The use of transformation – on one hand, Medina examines the idea of space as sculpture—an idea that was conceived by minimalists and theorized by Robert Morris—on the other hand, he also explores object-scale sculptures that are substantially informed by the cardinal principle of gestalt psychology: The visual recognition of a figure is based on the self-organizing tendency that the whole is more than the sum of its parts – it is not the distinctive identity of each element, but the organization of all elements by which a figure is identified. The laws of gestalt, such as totality (ganzheit), invariance, reification, praegnanz, and closure are frequently employed in making of these sculptures. Medina is very interested in transforming forms. He pursues his interest via the gestalt phenomena. By de- and re-contextualzing ordinary objects, Medina creates new shapes and relationships. A picture frame is turned into a Fibonacci sequence. A furniture piece is turned into a slave.
Medina’s action of transforming ordinary objects in a new, semantically loaded form could be seen as an autobiographical statement expressing his personal feeling and experience of living in the US as an emerging artist immigrated from Mexico. This reading leads a further meaningful reading of Medina’s hope and intention to transform relationships between people, communities, and spaces through art. In this sense, Medina’s art is performative and socio-political. It reminds viewers to explore the possibility of cultural mutation, evolution, and construction.

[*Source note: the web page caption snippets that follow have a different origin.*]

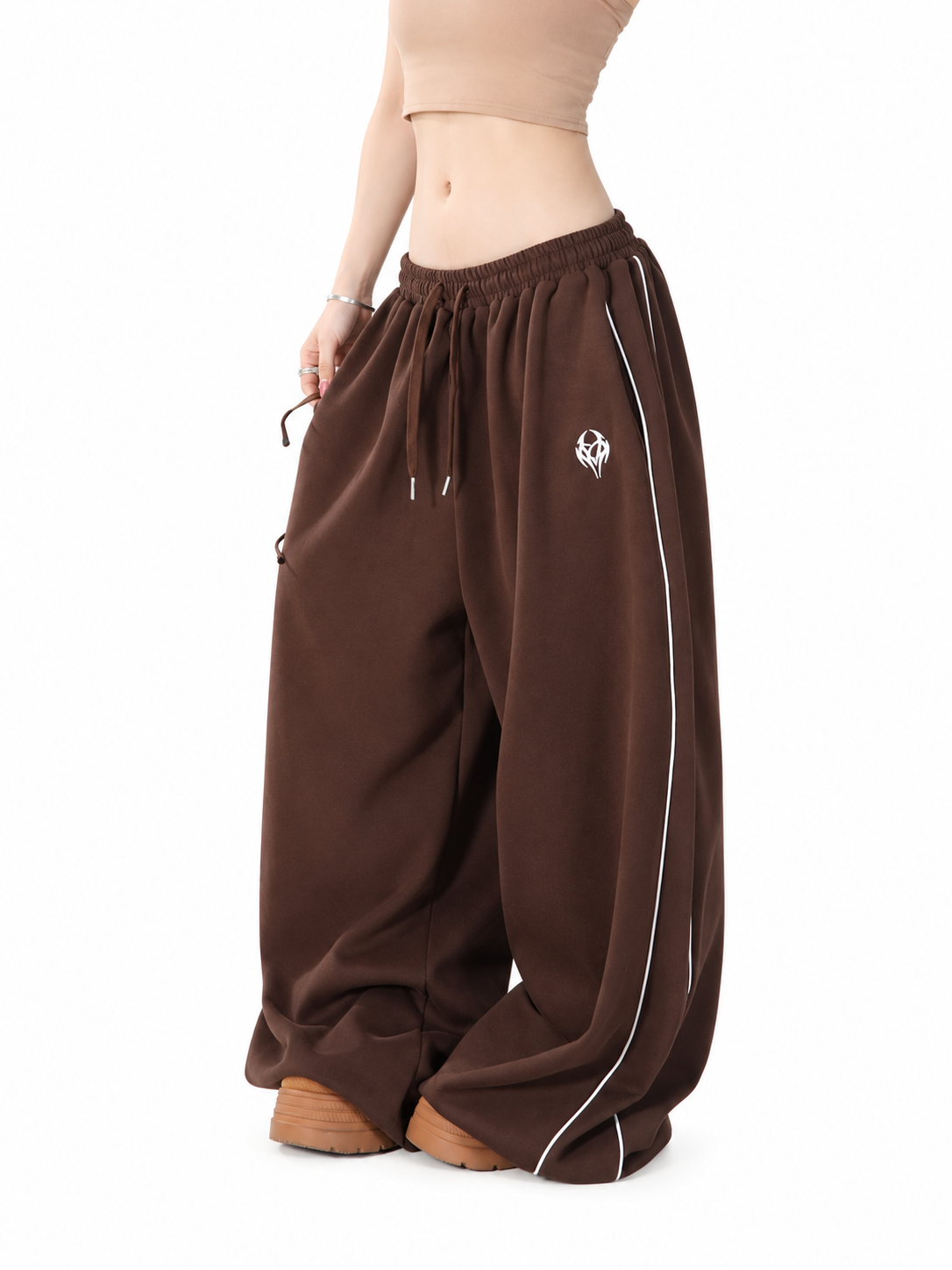 Ace Jolun. Purple Heavyweight Dance Sweatpants product view 5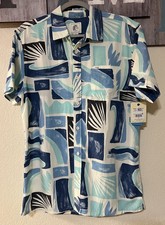 NWT Men's O'Neill Printed Collared Button Down Shirt, Size Small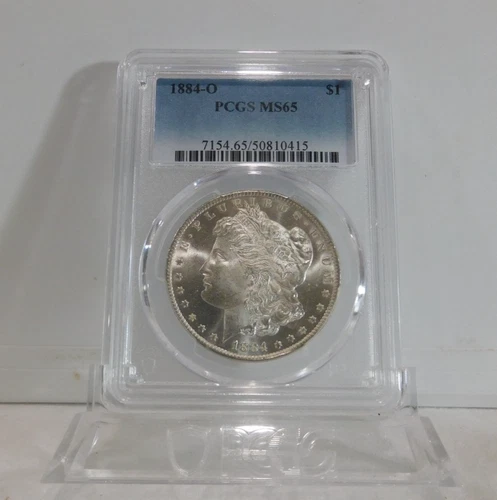 1884-O  MORGAN Silver Dollar, PCGS MS-65!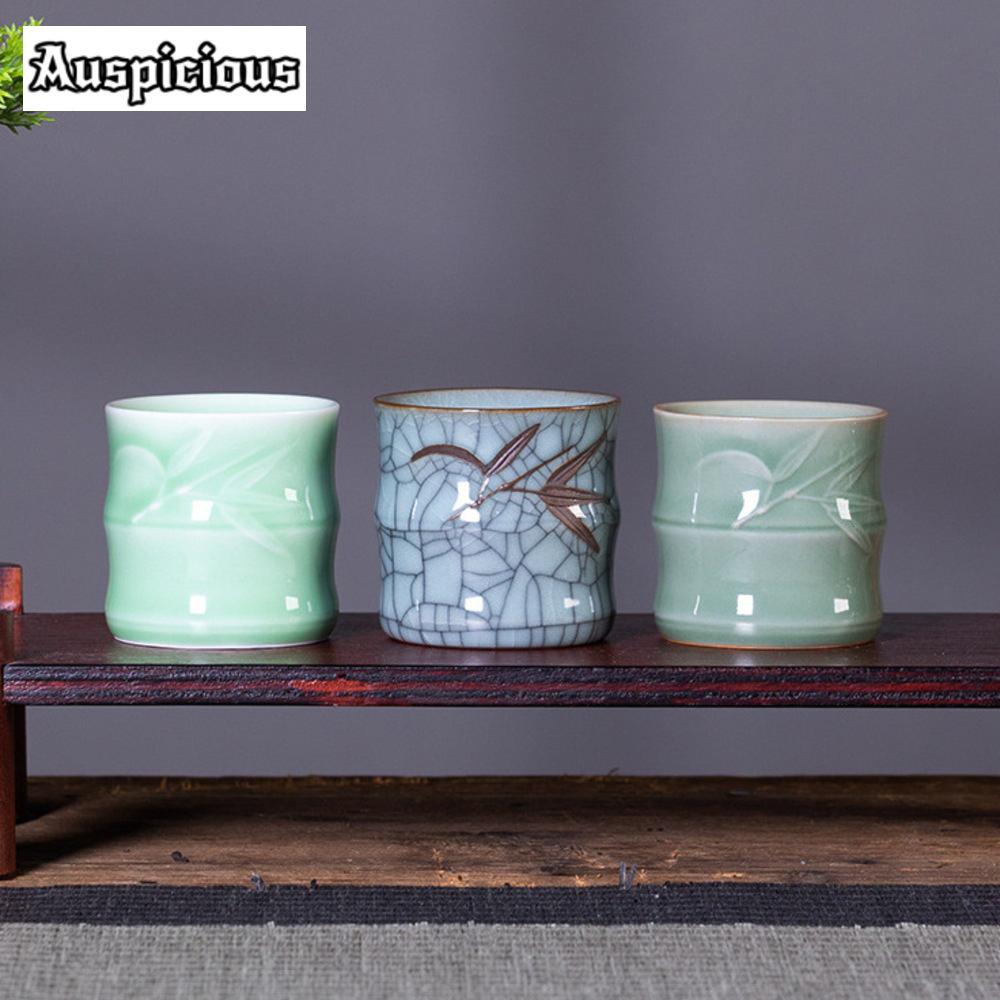 Celadon Ceramic Cup - 70ML Kreatywna ceramiczna filiżanka w kształcie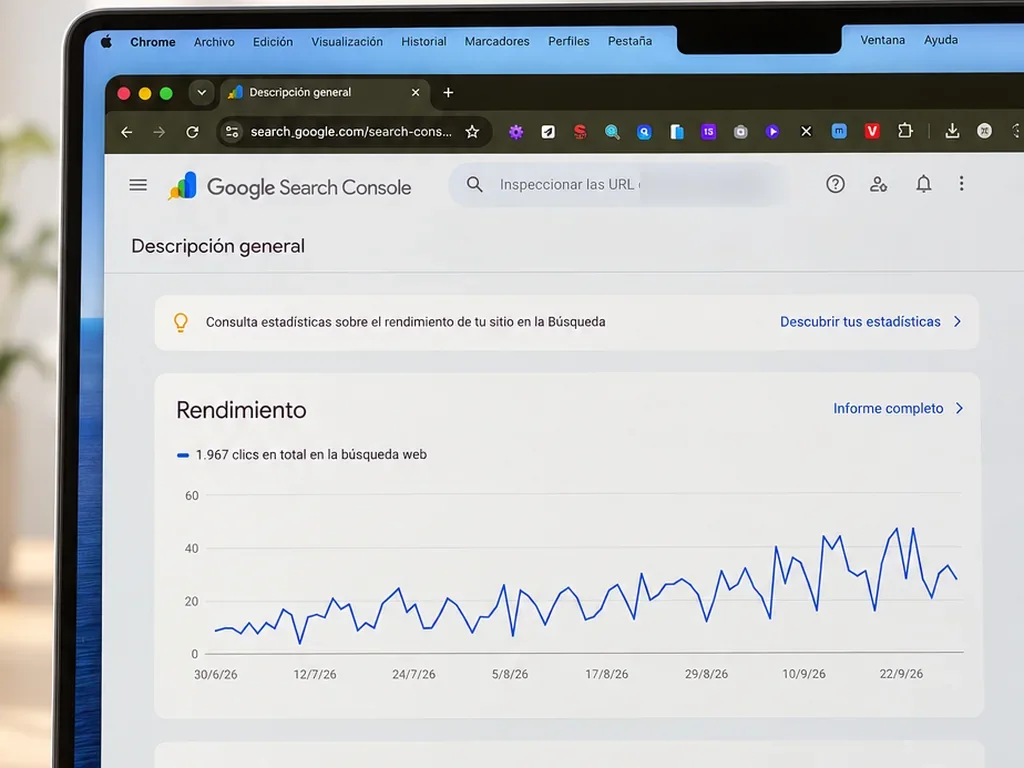 Search Console · Rendimiento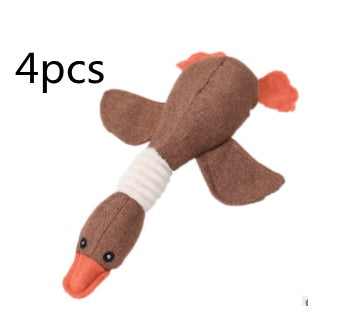 Dayan Duck Sounding Plush Dog Toy – Interactive Pet Sound Toy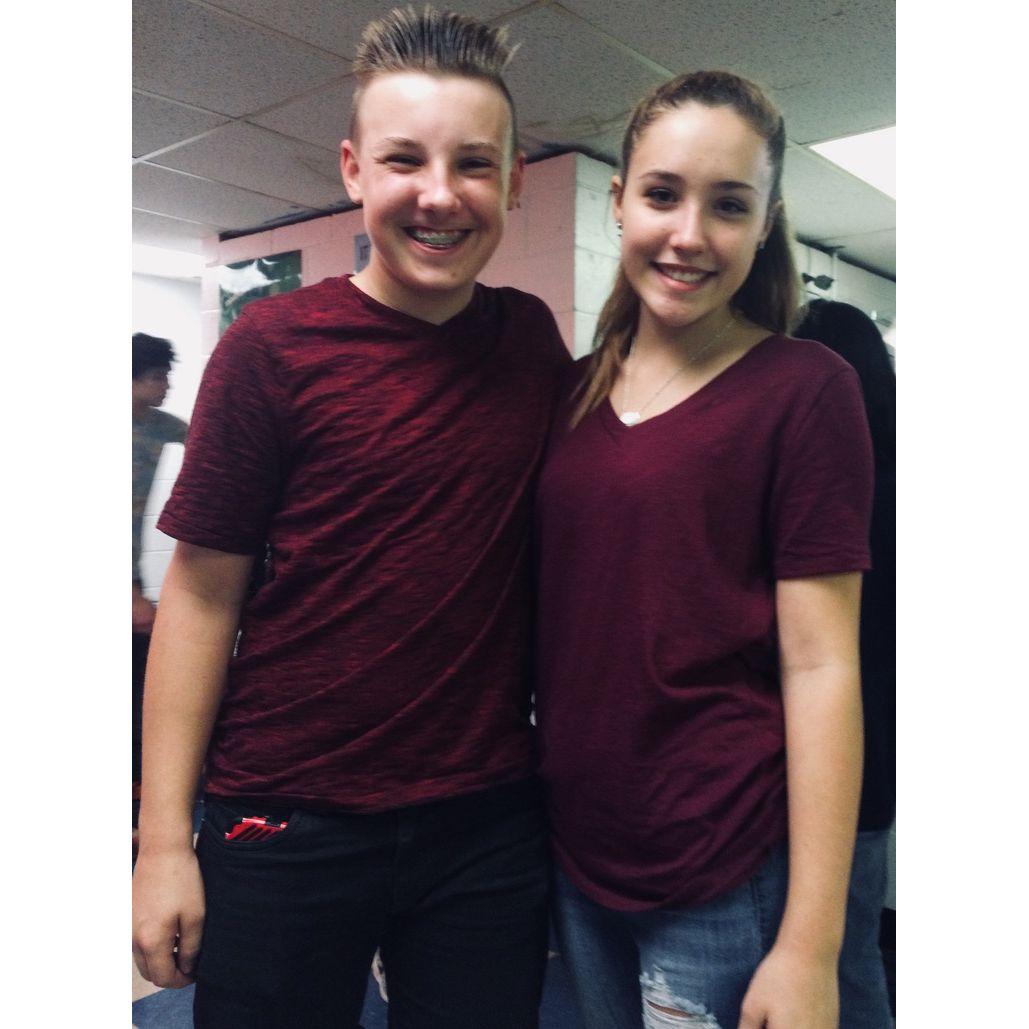 Our first date: 7th Grade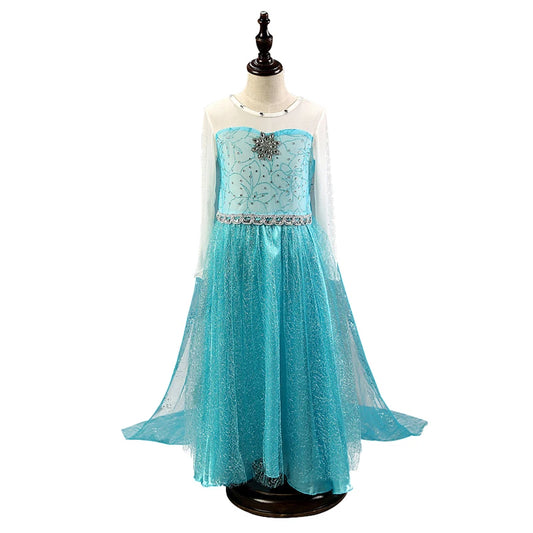 Carmen Elsa Costume Bling Synthetic Crystal Bodice Elsa Party Dress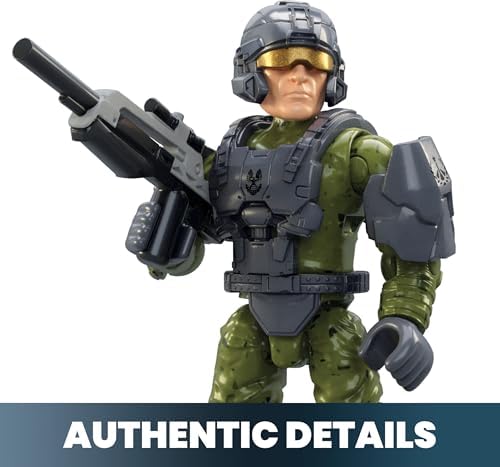 MEGA Halo The Series ATV Building Toys Set, FLEETCOM Mongoose Vehicle with 79 Pieces, 1 Poseable Articulation Figure, Green, Kids or Adults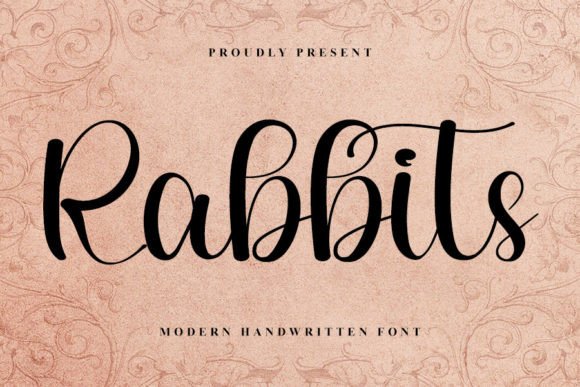 Rabbits Font Poster 1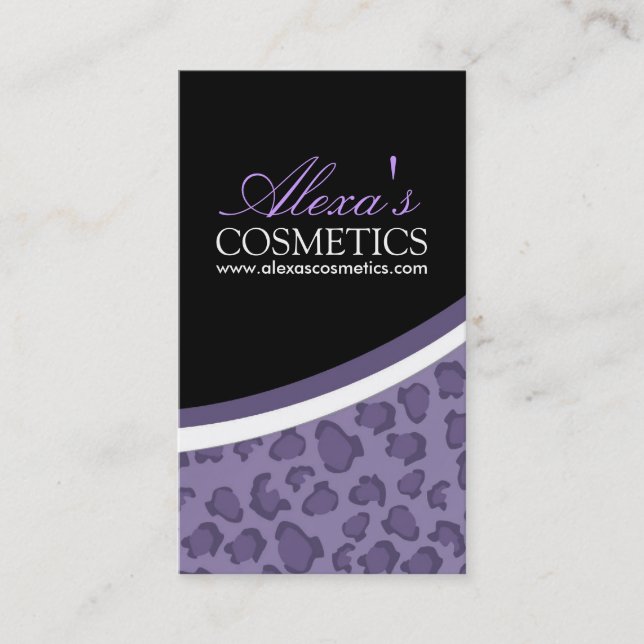 Leopard-Druck:: Visitenkarte (Vorderseite)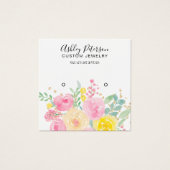 ピンクのフローラウオータースタッドイヤリング表示 (正面)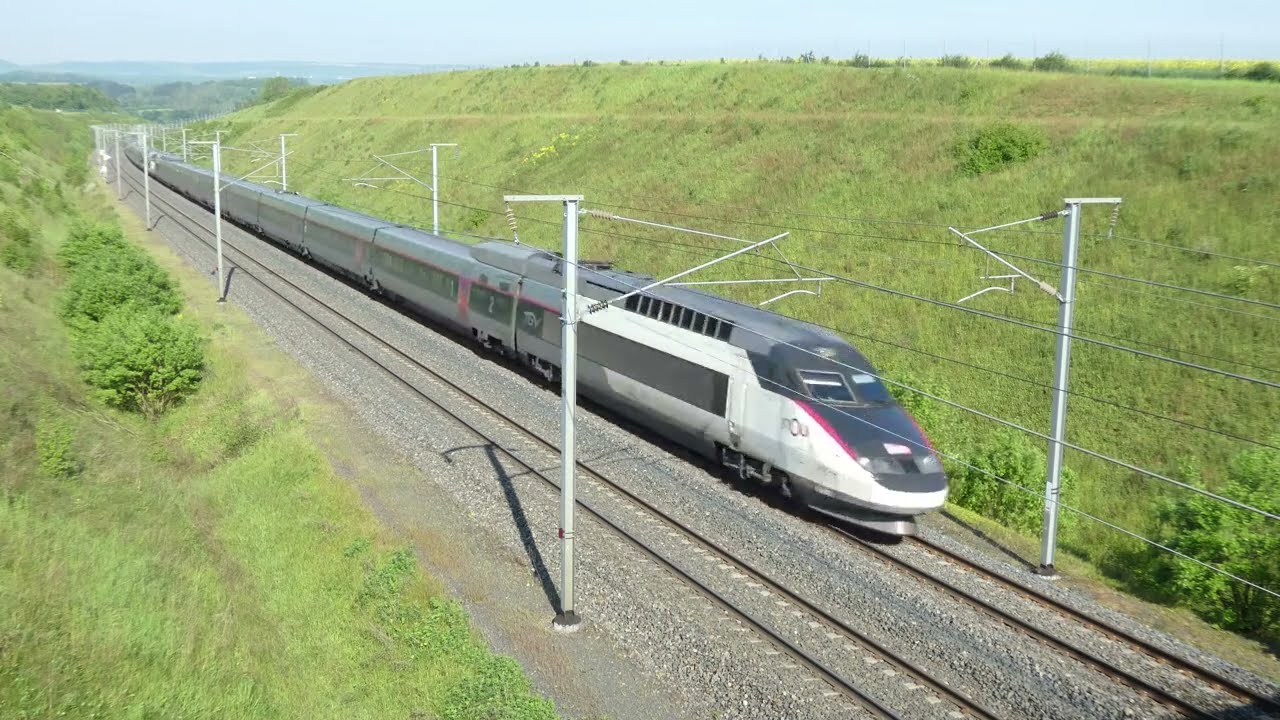 TGV sur la LGV Est Européenne à 300/320 Km/h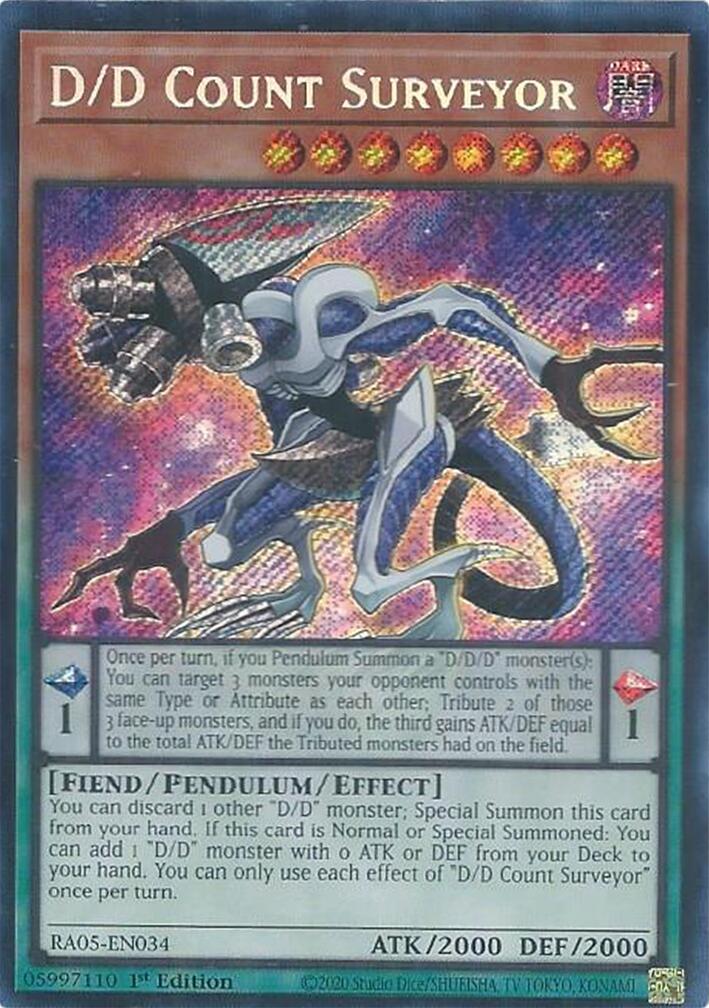 D/D Count Surveyor (Secret Rare) [RA05-EN034] Secret Rare | Good Games Morley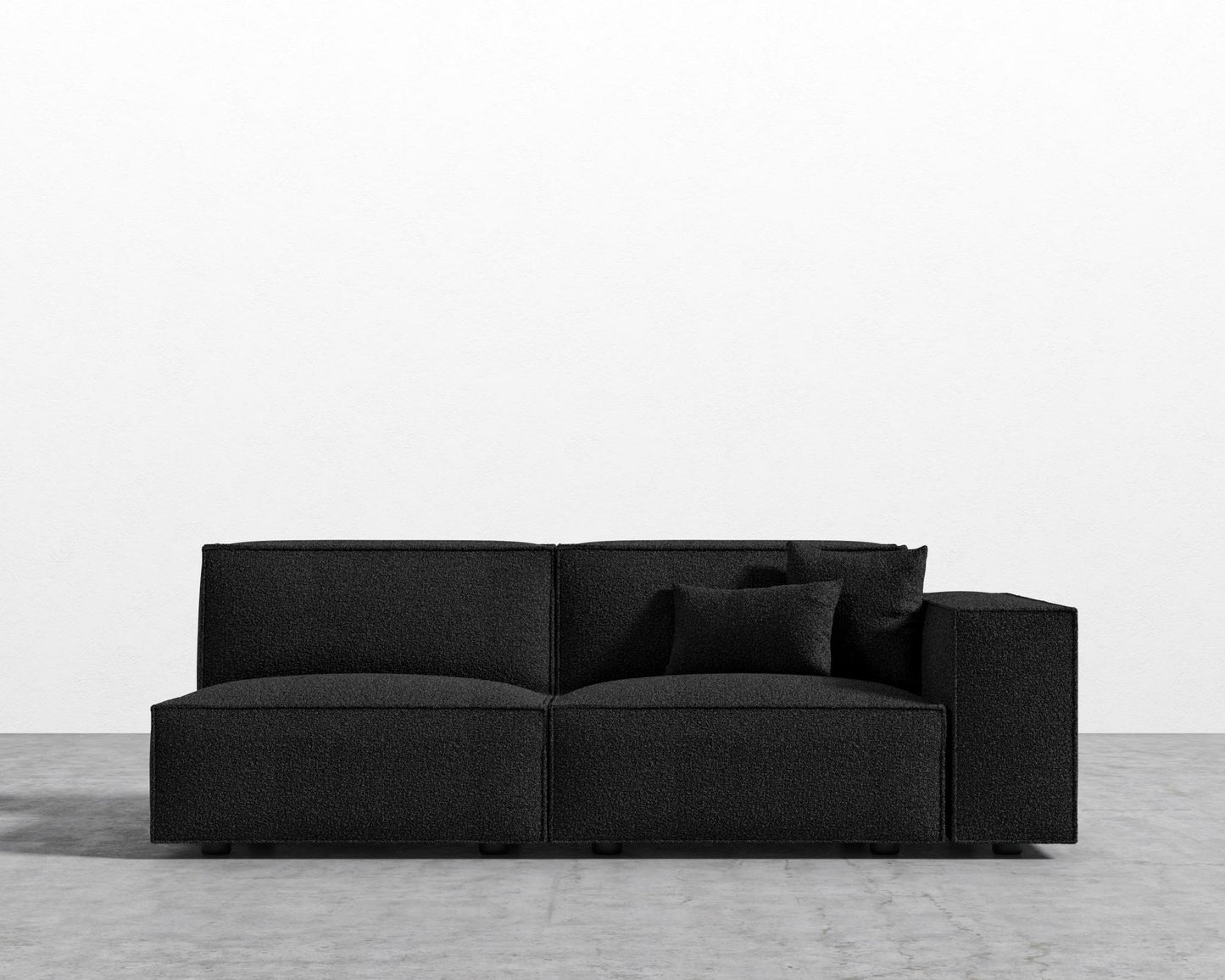 Porter_Right_Arm_Two_Seater_Chatou Boucle - Caviar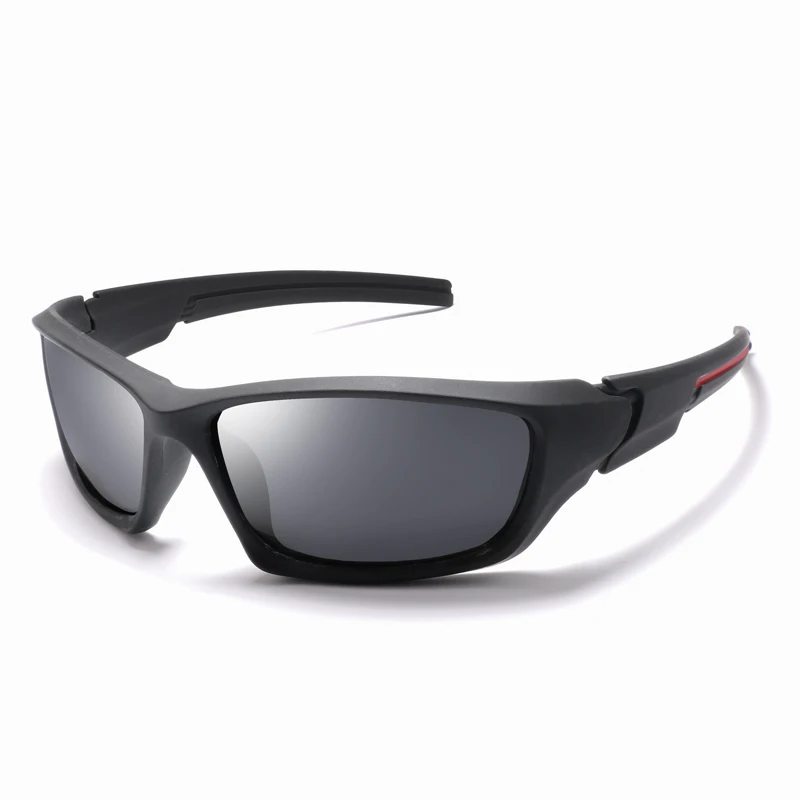 Очки для вождения автомобиля и мотоцикла, поляризационные очки ночного видения, спортивные солнцезащитные очки для велоспорта, анти-УФ - Название цвета: Gray lens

As a part of this exhibition, Medina will offer a workshop, inviting Latino community members to add to or adapt elements of the installation and discuss art making and their experiences with different cultures. Medina will work closely with participants in order to make the exhibition widely accessible and generate multiple layers of interpretation. Through the workshop, he aims to promote dialogues among participants, challenging the conventional perception of the audience as a passive recipient of artist’s message. Viewing learning and art production as different aspects of the same process, Medina will interact with workshop participants to create what Joseph Beuys termed a “social sculpture,” a network of interconnected actions and relationships, which improve societal conditions of life.